Hmm, where? Not in /dev on my SLES11 partition...

> And do you really want to do all of this control through a device node?
> Why?

Well...

At first I was thinking same as you were. So I was going to switch
to a pure syscall-based approach. But it just turned out more
complicated. The factotum server would call sys_grantid(), and
the target task would end up doing some huge sys_setresugid() or
else multiple syscalls using the granted id. It just was uglier.
I think there's an experimental patchset sitting somewhere I could
point to (if I weren't embarassed :).

Another possibility would be to use netlink, but that doesn't
appear as amenable to segragation by user namespaces. The pid
(presumably/hopefully global pid, as __u32) is available, so it
shouldn't be impossible, but a simple device with simple synchronous
read/write certainly has its appeal. Firing off a message hoping
that at some point our credentials will be changes, less so.

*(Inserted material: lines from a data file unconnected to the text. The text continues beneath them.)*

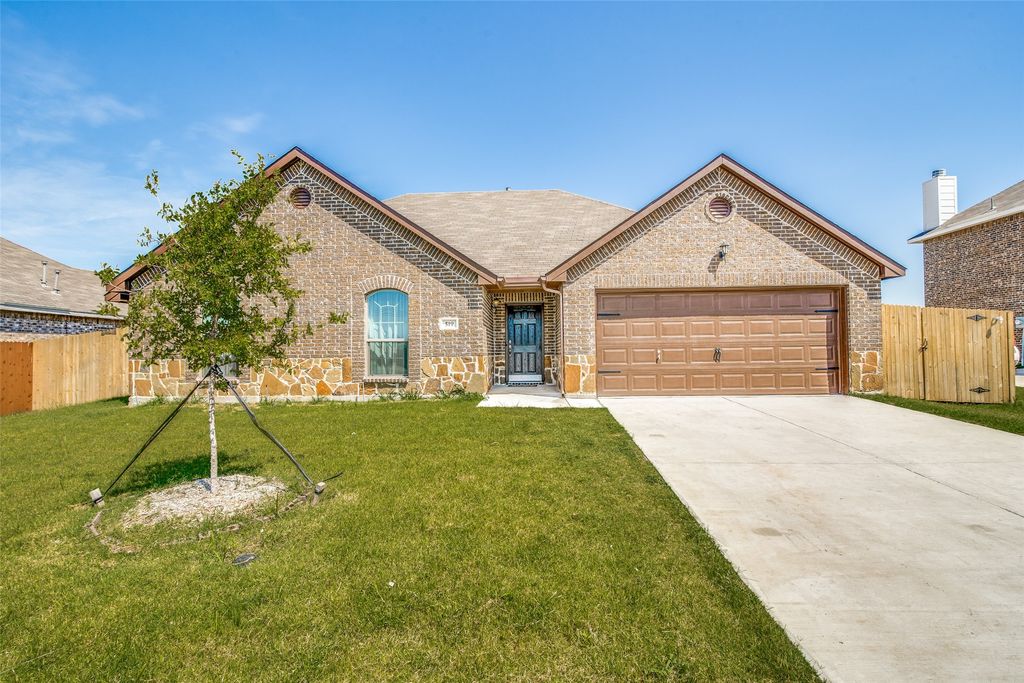 519 Long Prairie Drive, Royse City, TX 75189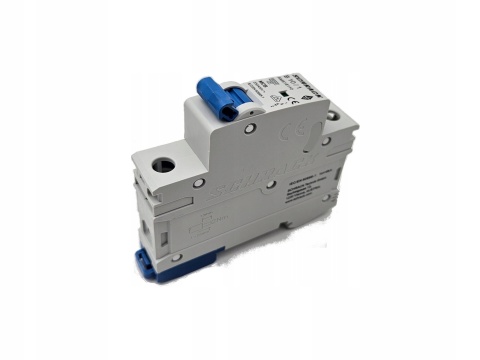 B10/1 bezpiecznik 10A na szynę DIN produkcji Schrack Technik GmbH (Austria)
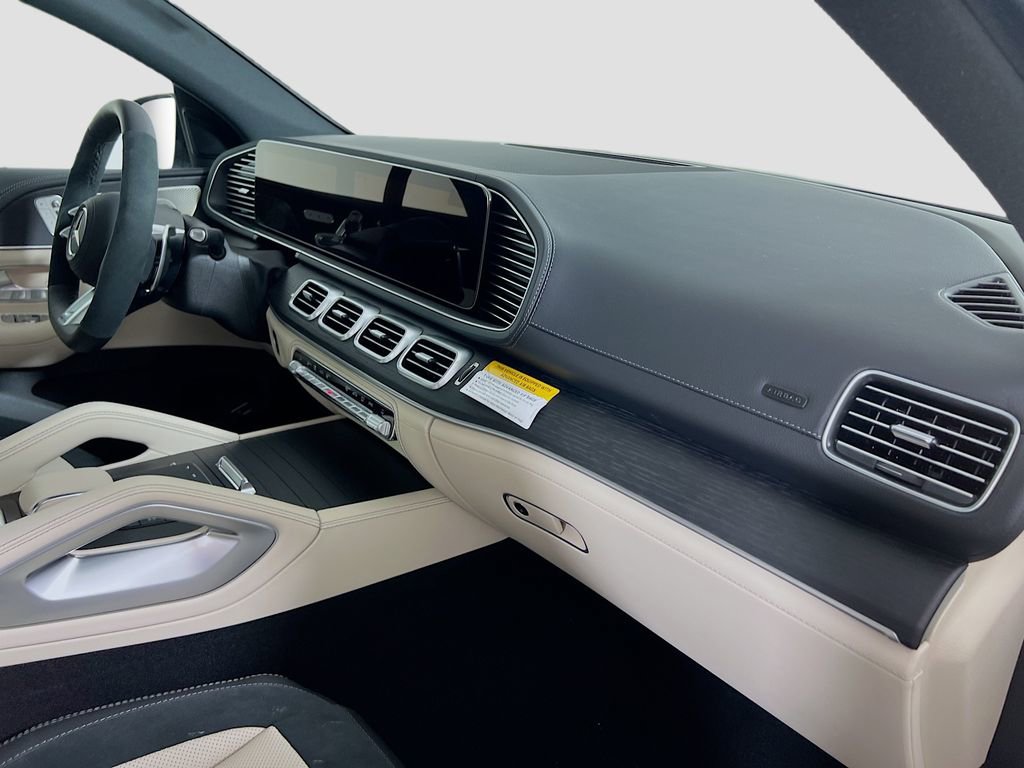 Used 2025 Mercedes-Benz GLE 53 AMG 4MATIC Coupe image 31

> > +DEFINE_MUTEX(cap_mutex); /* TODO fix up the locking one day */
>
> One might hope that today would be that day...

Well there's nothing actually wrong with the cap_mutex. I put in
this comment thinking I'd switch to rcu at some point, but it doesn't
seem worthwhile at the moment, by a long shot.

> Also, please run this through sparse. This is a variable that doesn't
> need to be global.
>
> > +struct cap_dev {
> > + struct cdev cdev;
> > +};
>
> Do you really need to do it this way? A cdev for a single device node?
> That's major overkill.
>
> > +static int cap_major = CAP_MAJOR;
> > +static int cap_minor;
>
> Just always use a dynamic misc device, you never need a whole major for
> this.

Right - will switch that over, assuming we don't nix the whole idea
first.

> > +module_param(cap_major, int, S_IRUGO);
> > +module_param(cap_minor, int, S_IRUGO);
>
> Can be removed.
>
> > +MODULE_AUTHOR("Ashwin Ganti");
>
> Hm, who is going to maintain this, you, or Ashwin?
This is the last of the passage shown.